* **What you need to do**
For this listing, reproduce the line with "Ice Cream with", the line with "May include: A", and the lines between, exactly as they stand. Leave out pictures and all other lines.

* **Data shown**
BEGIN

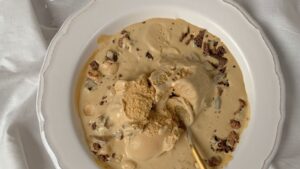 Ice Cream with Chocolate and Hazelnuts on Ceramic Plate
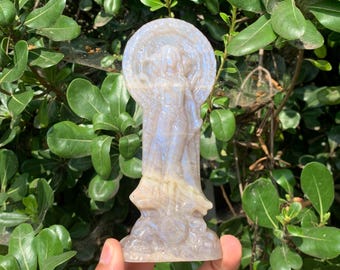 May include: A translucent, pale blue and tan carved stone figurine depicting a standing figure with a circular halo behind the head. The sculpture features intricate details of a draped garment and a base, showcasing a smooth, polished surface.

END
BEGIN

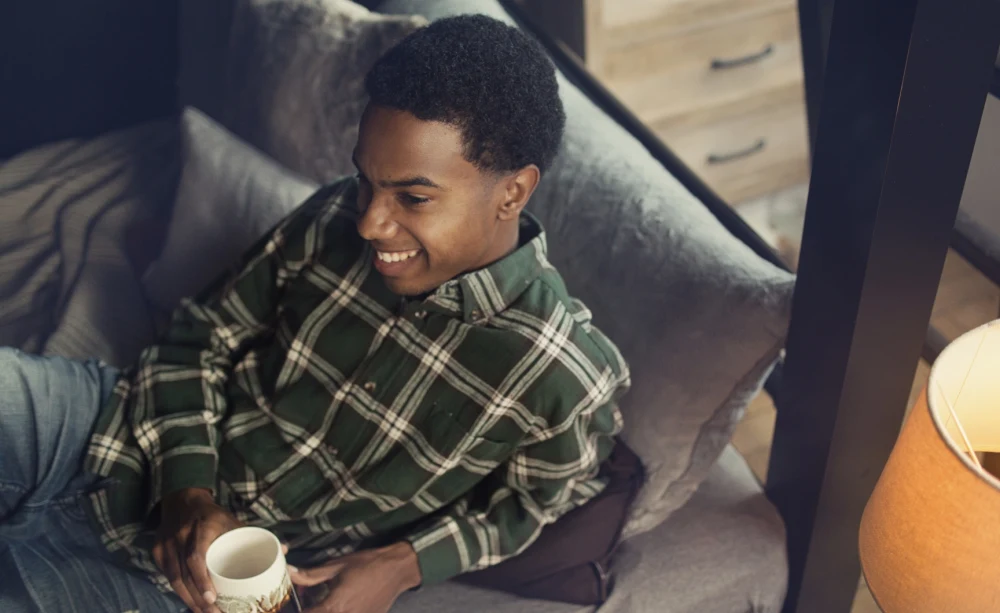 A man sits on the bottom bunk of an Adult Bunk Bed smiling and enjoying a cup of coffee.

END
BEGIN

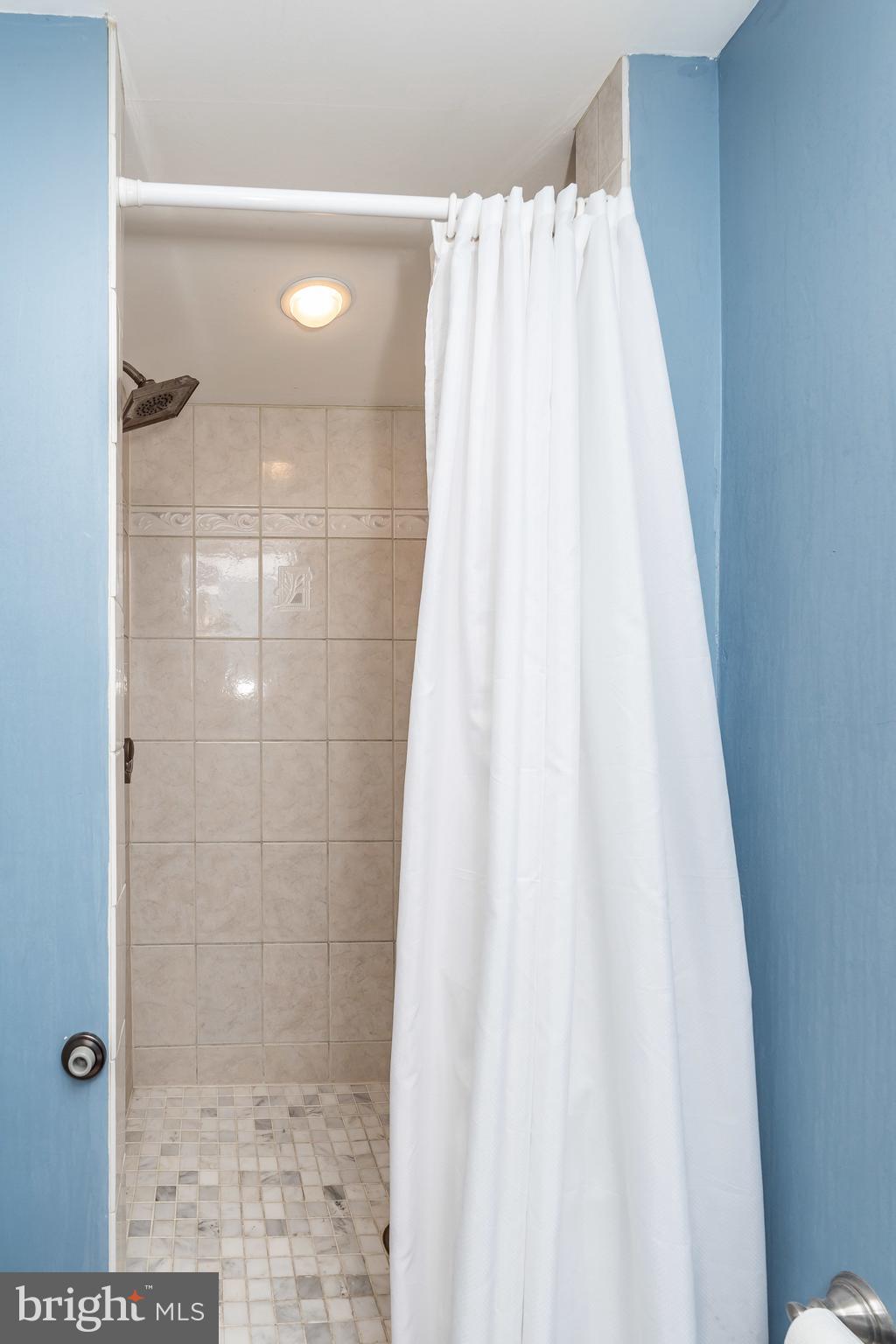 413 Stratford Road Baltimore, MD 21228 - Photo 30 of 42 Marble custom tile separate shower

END

* **Reply**
 Ice Cream with Chocolate and Hazelnuts on Ceramic Plate
 May include: A translucent, pale blue and tan carved stone figurine depicting a standing figure with a circular halo behind the head. The sculpture features intricate details of a draped garment and a base, showcasing a smooth, polished surface.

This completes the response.